Students and their parents receiving loans from the federal government to pay for college may soon face higher interest rates and fees.
The U.S. Congress will soon vote on the budget reconciliation bill, which will increase interest rates for Parent Loans for Undergraduate Students in an effort to decrease federal spending.
The bill would save the federal government $12.7 billion dollars over time by increasing interest rates and fees on federal financial aid for students and their parents, said Hassan Hijazi, assistant director of federal relations at the UA.
The bill would increase interest rates for PLUS loans from 7.9 percent to 8.5 percent, said Sarina Unrein, associate executive director of the Arizona Students' Association.
The bill would also strain the wallets of students and their parents by using excessive subsidy payments from students and their parents for tax cuts for the wealthy.

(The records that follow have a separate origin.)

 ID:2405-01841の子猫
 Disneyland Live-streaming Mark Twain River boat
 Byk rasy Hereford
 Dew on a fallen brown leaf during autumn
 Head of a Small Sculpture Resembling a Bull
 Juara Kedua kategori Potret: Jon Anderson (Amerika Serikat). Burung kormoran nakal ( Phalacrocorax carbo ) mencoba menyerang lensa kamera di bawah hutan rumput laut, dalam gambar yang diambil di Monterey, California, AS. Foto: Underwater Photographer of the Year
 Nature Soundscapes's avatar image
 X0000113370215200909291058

The federal government would save $2.2 billion by cutting the mandatory federal loan delivery funds, and they would save an additional $1.4 billion by charging guarantee agencies a one percent insurance fee on all loans, according to Student Aid Action, a higher education project of the State Public Interest Group.
This means that lenders may end up passing the insurance fees on to borrowers, Unrein said.

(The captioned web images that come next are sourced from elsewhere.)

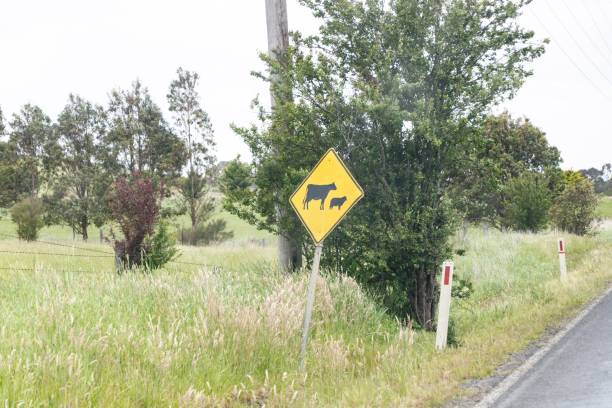 istock Rural Roadside Warning Sign for Livestock Crossing 2175406446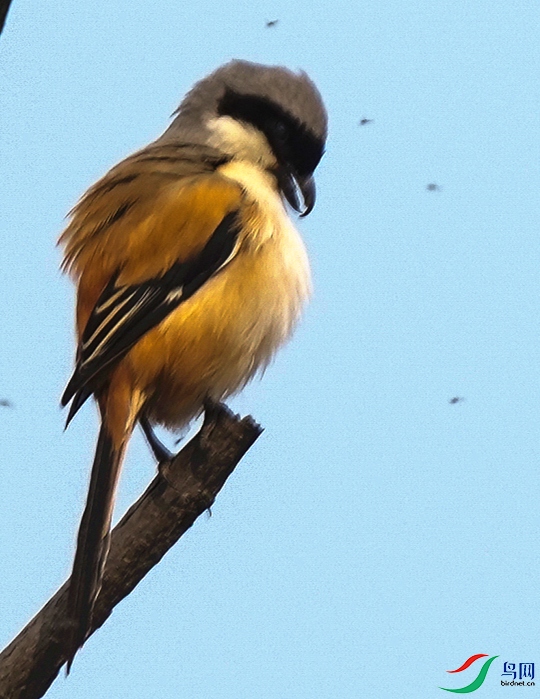 03DSC00083_1_����.jpg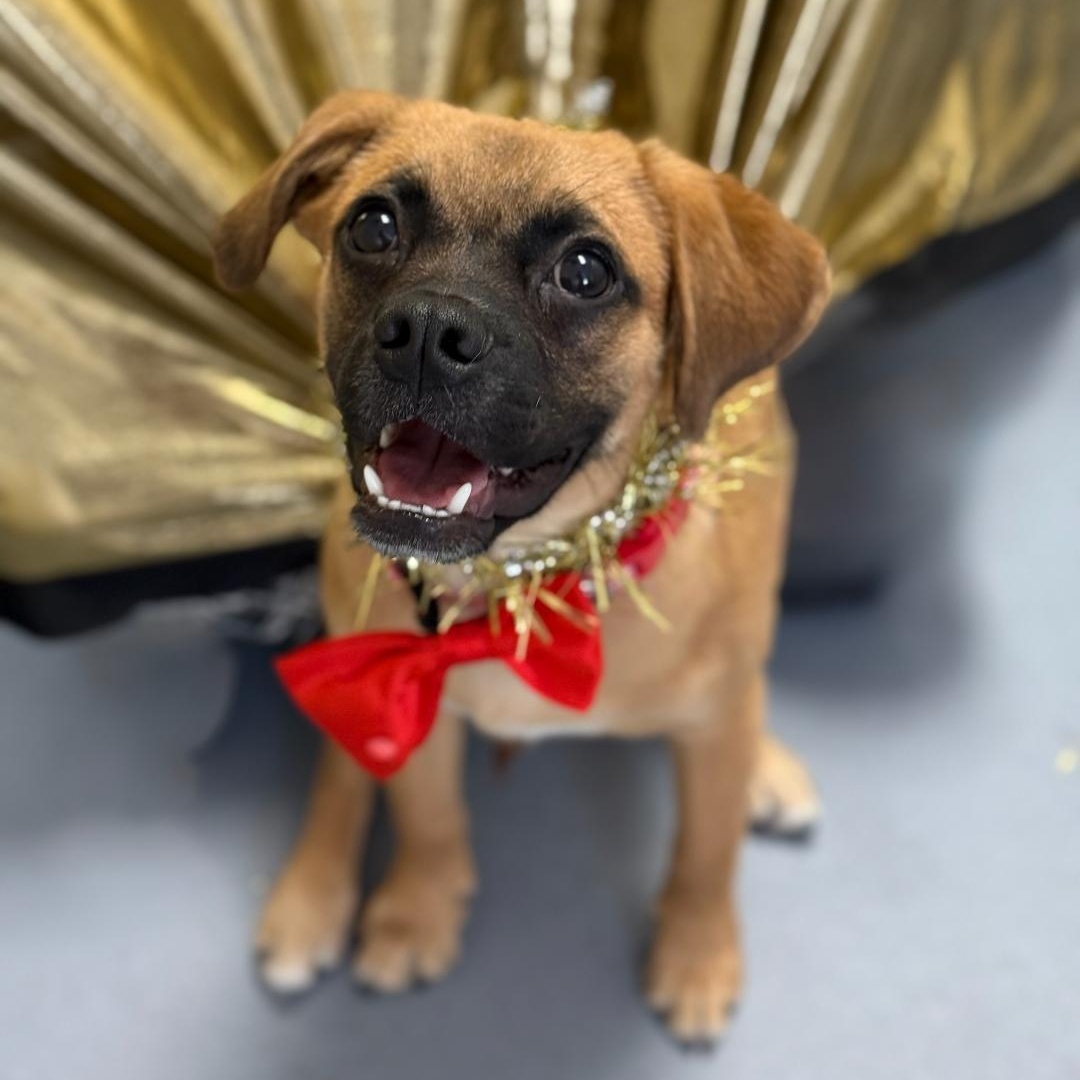 Enlarge Buddy, an adopted mixed breed in Greensburg, PA image 3/5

Some students would benefit from the bill because it would provide more grant money, it would lower the origination fees of some loans and it would provide a 6.8 percent interest cap for federal Safford student loans, Unrein said.
But the overall effect would result in "deep and harmful cuts" to the federal student loan programs, Unrein said.
Victoria Yarnish, a journalism senior, said she disagrees with the changes the bill would make to student loans.
"If our country doesn't make education a priority, we're going to be left behind in the dust," Yarnish said.
Yarnish said she had to take out a federal financial aid loan to pay for school in the past, and will most likely do so again to help pay for graduate school costs.
"I've understood that for my situation, if I want to go to grad school I will be in debt for a very long time and I can't do anything but accept that," Yarnish said.
Unrein said that ASA is asking students to contact their representatives in Congress to urge them to vote against the bill.
Fernando Ascencio, an ASA director for the UA, said ASA will be on the UA Mall this month to inform students about the bill and give students information on how they can contact their congressional representatives.
"We want students to let (their Congressmen) know that students don't want their aid cut," Ascencio said.